# E-commerce Data Processing Pipeline

This notebook uses the modular code from the `src` package to process e-commerce sales data.

The pipeline follows a medallion architecture:
- **Bronze Layer**: Raw data ingestion
- **Silver Layer**: Cleaned and enriched data
- **Gold Layer**: Aggregated business metrics

In [None]:
# Install required packages if not already available
%pip install openpyxl pandas

## Step 1: Create Catalog and Schemas

In [None]:
%sql
CREATE CATALOG IF NOT EXISTS ecommerce_sales COMMENT 'Ecommerce sales data processing';

In [None]:
%sql
USE CATALOG ecommerce_sales;
CREATE SCHEMA IF NOT EXISTS source_data_layer COMMENT 'Source data';    
CREATE SCHEMA IF NOT EXISTS bronze_layer COMMENT 'Raw data';
CREATE SCHEMA IF NOT EXISTS processed_layer COMMENT 'Processed data';
CREATE SCHEMA IF NOT EXISTS gold_layer COMMENT 'Final publish layer - Aggregated data';

## Step 2: Create Volumes

In [None]:
%sql
USE CATALOG ecommerce_sales;

USE SCHEMA bronze_layer;
CREATE VOLUME IF NOT EXISTS ecom_volume_raw COMMENT 'Managed volume for raw files';

USE SCHEMA processed_layer;
CREATE VOLUME IF NOT EXISTS ecom_volume_processed COMMENT 'Managed volume for processed files';

USE SCHEMA gold_layer;
CREATE VOLUME IF NOT EXISTS ecom_volume_gold COMMENT 'Managed volume for final publish aggregated files';

## Step 3: Initialize Spark Session

In [None]:
from pyspark.sql import SparkSession
import logging

# Configure logging
logging.basicConfig(level=logging.INFO)
logger = logging.getLogger(__name__)

# Initialize Spark session
spark = SparkSession.builder \
    .appName("Ecommerce Data Processing") \
    .getOrCreate()

print("Spark session initialized successfully")

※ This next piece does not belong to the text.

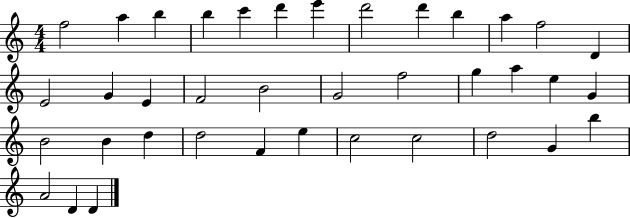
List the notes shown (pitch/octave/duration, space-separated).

F5/h A5/q B5/q B5/q C6/q D6/q E6/q D6/h D6/q B5/q A5/q F5/h D4/q E4/h G4/q E4/q F4/h B4/h G4/h F5/h G5/q A5/q E5/q G4/q B4/h B4/q D5/q D5/h F4/q E5/q C5/h C5/h D5/h G4/q B5/q A4/h D4/q D4/q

## Step 4: Run the Complete Data Pipeline

The pipeline will:
1. Load raw data from CSV, Excel, and JSON files
2. Enrich and transform the data
3. Create comprehensive order tables
4. Generate profit aggregations

In [None]:
from src.pipeline import run_pipeline

# Run the complete pipeline
run_pipeline(spark)

## Step 5: Verify Bronze Layer Tables

In [None]:
# Check raw products data
display(spark.read.table("ecommerce_sales.bronze_layer.products_raw").limit(10))

In [None]:
# Check raw customers data
display(spark.read.table("ecommerce_sales.bronze_layer.customers_raw").limit(10))

In [None]:
# Check raw orders data
display(spark.read.table("ecommerce_sales.bronze_layer.orders_raw").limit(10))

## Step 6: Verify Silver Layer Tables

In [None]:
# Check processed products
display(spark.read.table("ecommerce_sales.processed_layer.products_processed").limit(10))

In [None]:
# Check processed customers
display(spark.read.table("ecommerce_sales.processed_layer.customer_processed").limit(10))

In [None]:
# Check comprehensive orders
display(spark.read.table("ecommerce_sales.processed_layer.comprehensive_orders").limit(10))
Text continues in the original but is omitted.